Risk aversion and the continued selling of the US dollar since the recent US Federal Reserve announcement allowed the bears to push the price of the USD/JPY currency pair towards the support level 129.65, its lowest in nearly two months, before closing trading around the 130.72 level, as the trend remains downward year. In general, the less hawkish FOMC statement and concerns about the US banking sector may curb the gains of the US dollar in the near term, as investors fear a tightening of credit conditions on households and companies, as Powell warned.
The prospect of slower rate hikes may also limit the dollar’s gains as this marks a shift from their earlier expectations that aggressive hawkish moves might be justified. US Treasury Secretary Yellen also drew attention to smaller lenders and the possibility of seeing more bank runs, adding that the government was not considering “universal” deposit insurance.
However, more updates highlighting problems in the US financial sector may push investors away from the greenback to the safe-haven Japanese yen, especially since Japan does not appear to be experiencing liquidity problems yet.
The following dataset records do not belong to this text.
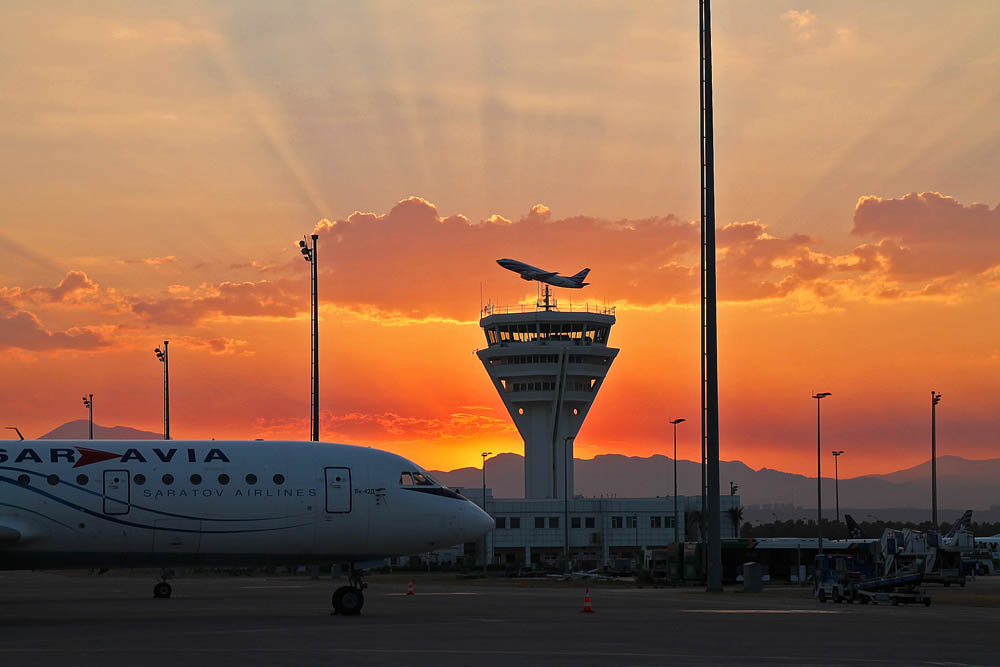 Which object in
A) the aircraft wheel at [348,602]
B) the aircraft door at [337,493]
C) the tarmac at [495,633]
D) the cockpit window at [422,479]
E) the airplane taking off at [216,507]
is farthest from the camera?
the cockpit window at [422,479]

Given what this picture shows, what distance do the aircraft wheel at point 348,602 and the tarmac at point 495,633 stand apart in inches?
22.1

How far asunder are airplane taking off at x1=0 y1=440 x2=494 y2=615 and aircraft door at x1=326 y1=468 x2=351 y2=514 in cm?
3

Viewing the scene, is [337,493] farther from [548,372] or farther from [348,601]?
[548,372]

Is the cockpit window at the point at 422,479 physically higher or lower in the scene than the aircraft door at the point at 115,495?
higher

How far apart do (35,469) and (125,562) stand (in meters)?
3.37

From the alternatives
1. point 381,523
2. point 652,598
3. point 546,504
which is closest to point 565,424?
point 546,504

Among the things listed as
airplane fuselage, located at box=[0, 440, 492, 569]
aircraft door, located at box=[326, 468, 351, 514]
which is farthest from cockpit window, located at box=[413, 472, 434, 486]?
aircraft door, located at box=[326, 468, 351, 514]

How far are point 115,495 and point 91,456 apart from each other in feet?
4.23

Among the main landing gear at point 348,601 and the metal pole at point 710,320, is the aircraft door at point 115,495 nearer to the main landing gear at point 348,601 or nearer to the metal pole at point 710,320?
the main landing gear at point 348,601

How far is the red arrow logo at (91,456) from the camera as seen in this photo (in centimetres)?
3341

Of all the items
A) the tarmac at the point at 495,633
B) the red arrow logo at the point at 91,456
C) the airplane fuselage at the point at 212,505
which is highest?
the red arrow logo at the point at 91,456

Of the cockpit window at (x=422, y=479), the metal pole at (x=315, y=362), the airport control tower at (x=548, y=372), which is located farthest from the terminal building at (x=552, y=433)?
the cockpit window at (x=422, y=479)

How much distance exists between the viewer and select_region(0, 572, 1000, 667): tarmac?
2231 centimetres

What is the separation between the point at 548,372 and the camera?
138375 mm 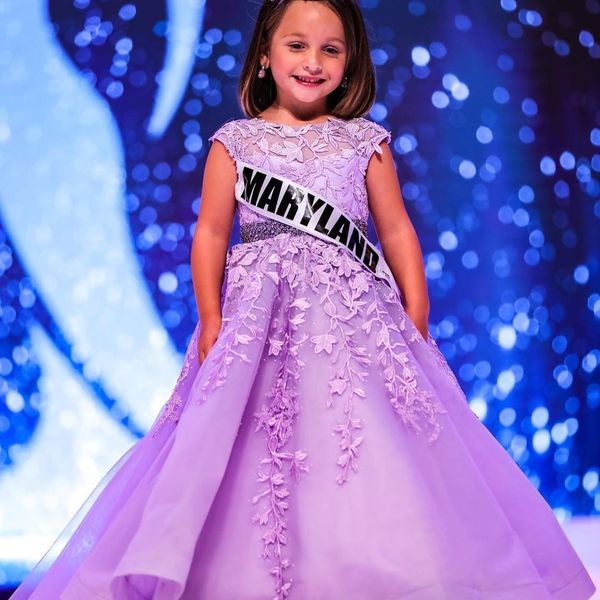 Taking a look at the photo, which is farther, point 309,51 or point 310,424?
point 309,51

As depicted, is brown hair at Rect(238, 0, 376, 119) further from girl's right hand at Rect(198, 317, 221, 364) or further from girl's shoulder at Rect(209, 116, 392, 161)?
girl's right hand at Rect(198, 317, 221, 364)

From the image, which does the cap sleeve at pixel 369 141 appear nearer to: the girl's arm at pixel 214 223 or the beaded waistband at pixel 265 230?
the beaded waistband at pixel 265 230

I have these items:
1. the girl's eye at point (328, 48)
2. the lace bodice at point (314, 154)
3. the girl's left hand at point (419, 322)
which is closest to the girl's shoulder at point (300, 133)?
the lace bodice at point (314, 154)

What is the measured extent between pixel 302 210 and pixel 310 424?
1.12ft

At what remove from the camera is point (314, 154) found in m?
1.42

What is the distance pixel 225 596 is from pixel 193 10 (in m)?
1.54

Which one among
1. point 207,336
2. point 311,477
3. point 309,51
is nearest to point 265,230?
point 207,336

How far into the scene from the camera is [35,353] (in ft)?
7.26

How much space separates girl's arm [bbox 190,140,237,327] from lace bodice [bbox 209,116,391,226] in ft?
0.07

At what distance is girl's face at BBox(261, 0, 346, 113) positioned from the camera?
1459mm

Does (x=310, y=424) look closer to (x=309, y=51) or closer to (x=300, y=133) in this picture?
(x=300, y=133)

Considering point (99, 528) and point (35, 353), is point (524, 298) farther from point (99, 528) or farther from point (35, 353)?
point (99, 528)

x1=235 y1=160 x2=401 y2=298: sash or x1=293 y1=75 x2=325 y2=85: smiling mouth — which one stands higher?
x1=293 y1=75 x2=325 y2=85: smiling mouth

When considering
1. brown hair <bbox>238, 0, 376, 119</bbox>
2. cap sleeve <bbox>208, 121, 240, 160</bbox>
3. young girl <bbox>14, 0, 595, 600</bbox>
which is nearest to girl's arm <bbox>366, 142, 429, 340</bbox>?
young girl <bbox>14, 0, 595, 600</bbox> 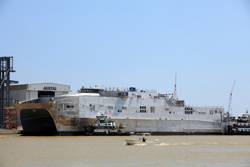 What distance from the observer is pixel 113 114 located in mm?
107000

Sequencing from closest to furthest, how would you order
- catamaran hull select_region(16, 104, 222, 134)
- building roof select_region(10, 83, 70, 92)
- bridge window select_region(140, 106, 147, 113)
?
catamaran hull select_region(16, 104, 222, 134) < bridge window select_region(140, 106, 147, 113) < building roof select_region(10, 83, 70, 92)

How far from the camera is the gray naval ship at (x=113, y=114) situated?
101500 millimetres

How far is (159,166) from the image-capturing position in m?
42.2

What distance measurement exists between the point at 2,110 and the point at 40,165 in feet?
291

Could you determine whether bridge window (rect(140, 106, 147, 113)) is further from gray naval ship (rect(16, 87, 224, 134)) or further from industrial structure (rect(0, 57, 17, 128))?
industrial structure (rect(0, 57, 17, 128))

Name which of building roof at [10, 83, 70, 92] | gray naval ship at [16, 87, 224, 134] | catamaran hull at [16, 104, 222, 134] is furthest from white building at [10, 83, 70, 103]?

US exchange rates were mostly underwater during the last session of last week after the Federal Reserve (Fed) suggested that interest rates could rise less than previously thought once all is said and done, leading some analysts to predict more dips. The dollar will rise in the future. The dollar was broadly bought in European trade on Friday after consumer and banking stocks led stock indices lower around the world while government bonds rose, although a last-minute rebound only pared widespread losses for the week overall.
The losses were the sharpest and broadest after the Federal Reserve raised the federal funds rate range to between 4.75% and 5%, but indicated for the first time in more than a year on Wednesday that the outlook for borrowing costs was now an open question.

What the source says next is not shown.